» **PROBLEM TO WORK ON**: Of all the entries below, only the lines from the one with "это реально Гидробурение" up to and including the one with "Gözlerimizde yaş dilimizde dua vardı" are to be duplicated exactly.

(Stored data entries)

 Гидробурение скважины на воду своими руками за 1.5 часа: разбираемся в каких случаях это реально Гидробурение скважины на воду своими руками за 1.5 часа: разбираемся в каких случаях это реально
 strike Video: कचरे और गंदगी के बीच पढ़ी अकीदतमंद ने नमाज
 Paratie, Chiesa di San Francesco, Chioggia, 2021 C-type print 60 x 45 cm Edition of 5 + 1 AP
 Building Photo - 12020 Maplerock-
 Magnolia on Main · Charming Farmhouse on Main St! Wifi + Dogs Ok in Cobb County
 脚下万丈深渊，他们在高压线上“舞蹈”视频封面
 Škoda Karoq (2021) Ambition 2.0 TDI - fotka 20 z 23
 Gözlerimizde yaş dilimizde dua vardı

...

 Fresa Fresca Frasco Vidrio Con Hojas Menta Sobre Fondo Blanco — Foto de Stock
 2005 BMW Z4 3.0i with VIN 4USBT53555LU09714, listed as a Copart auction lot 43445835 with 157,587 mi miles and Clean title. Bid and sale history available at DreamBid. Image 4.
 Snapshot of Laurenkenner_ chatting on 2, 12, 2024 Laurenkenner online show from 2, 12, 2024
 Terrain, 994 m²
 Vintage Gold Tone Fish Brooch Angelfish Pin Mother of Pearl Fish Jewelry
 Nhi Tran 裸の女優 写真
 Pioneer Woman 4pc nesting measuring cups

» **WRITTEN ANSWER**:
 Гидробурение скважины на воду своими руками за 1.5 часа: разбираемся в каких случаях это реально Гидробурение скважины на воду своими руками за 1.5 часа: разбираемся в каких случаях это реально
 strike Video: कचरे और गंदगी के बीच पढ़ी अकीदतमंद ने नमाज
 Paratie, Chiesa di San Francesco, Chioggia, 2021 C-type print 60 x 45 cm Edition of 5 + 1 AP
 Building Photo - 12020 Maplerock-
 Magnolia on Main · Charming Farmhouse on Main St! Wifi + Dogs Ok in Cobb County
 脚下万丈深渊，他们在高压线上“舞蹈”视频封面
 Škoda Karoq (2021) Ambition 2.0 TDI - fotka 20 z 23
 Gözlerimizde yaş dilimizde dua vardı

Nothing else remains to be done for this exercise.